The quick summary: the calculator is just a toy, and should not guide your fuelling decisions; the paper, on the other hand, I found surprisingly interesting — though I still wouldn’t use it to plan my fuelling strategy.
Essentially, what Rapoport does is crunch the numbers on exactly how much carbohydrate is available within the body: circulating in the blood stream, stored in the liver, and loaded in the muscles. He brings in a bunch of other well-known information about things like the proportion of carbs versus fat burned at various exercise intensities, adds a few simplifying assumptions, and produces a model of exactly how much carbohydrate a typical runner can store under normal and “carbo-loaded” conditions, and how fast they can run a marathon without having those stores run out.
His summary and synthesis of the science is great — an excellent primer for the interested amateur on how marathon nutrition works.

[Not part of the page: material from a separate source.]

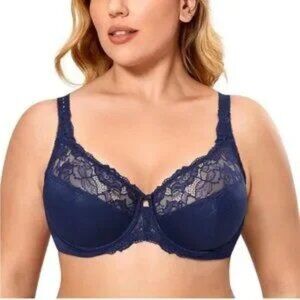 Delmira 34K US  navy satin bra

I might quibble with a few of his assumptions — he cites a couple of studies from the 1960s and 70s, for instance, to claim that “the total energetic cost of running depends only on the distance run and not on running speed,” whereas more recent studies have disputed this. But overall, it’s interesting stuff.
The calculator, though, is silly, at least insofar as it purports to tell you how many carbohydrates you need to run at a given marathon pace. For one thing, it’s dramatically simplified relative to the journal paper. The journal acknowledges that you need to know quantities like your VO2max and the total muscle mass in your legs to make a reasonable estimate. The calculator, on the other hand, only asks for your weight (from which it makes a guess about how big your legs are), your resting heart rate (from which it estimates your VO2max), and your age (from which it estimates your maximum heart rate in order to make a further guess about your running intensity at a given pace). All of these estimates have such huge ranges of uncertainty that a single one of them would make the calculator useless for practical purposes. With all of these estimates deployed simultaneously, it becomes a toy.
But I also object on a more fundamental level. Even if the calculator was a perfect reflection of the paper (i.e. even if you fed it all sorts of personal performance and morphological details), I still don’t believe it tells you anything useful. Rapoport sets up the problem as follows:
Analyses of endurance physiology have often either used coarse approximations to suggest that human glycogen reserves are insufficient to fuel a marathon (making ‘hitting the wall’ seem inevitable), or implied that maximal glycogen loading is required in order to complete a marathon without ‘hitting the wall.’
In other words, the problem is that people either take in too few or too many carbohydrates. But the parameters of carbo-loading are well-established — Rapoport himself uses them in his model. As Asker Jeukendrup’s recent book Sports Nutrition: From Lab to Kitchen says, trained athletes can pretty much max out glycogen stores by taking in an extra 10 g of carbs per kilogram of bodyweight for just one day before competition. So why would you take in significantly more (or less) than that? If you’re not doing that (or some related protocol designed to fill your glycogen stores as high as they’ll go), it’s because you got bad advice, not because you didn’t have a calculator telling you your precise needs.
The other parameter is pace: the calculator offers to tell what pace you can run without exhausting carbohydrate stores, based only on your weight, age and resting heart rate. Seriously? Show me any 2:30 marathoner, and I’ll find you a 4:30 marathoner with identical weight, age and resting heart rate.
As I said at the top, I enjoyed the paper — it’s a great synthesis of what’s going on inside your body during a marathon. It offers some interesting insights about the point at which carbohydrate stores become a theoretical limiting factor to ultimate performance. But as far as practical relevance, I don’t think it has any. Choose your pace based on what your training says you can do, and choose your carbo-loading strategy to start with a full tank — it’s as simple as that.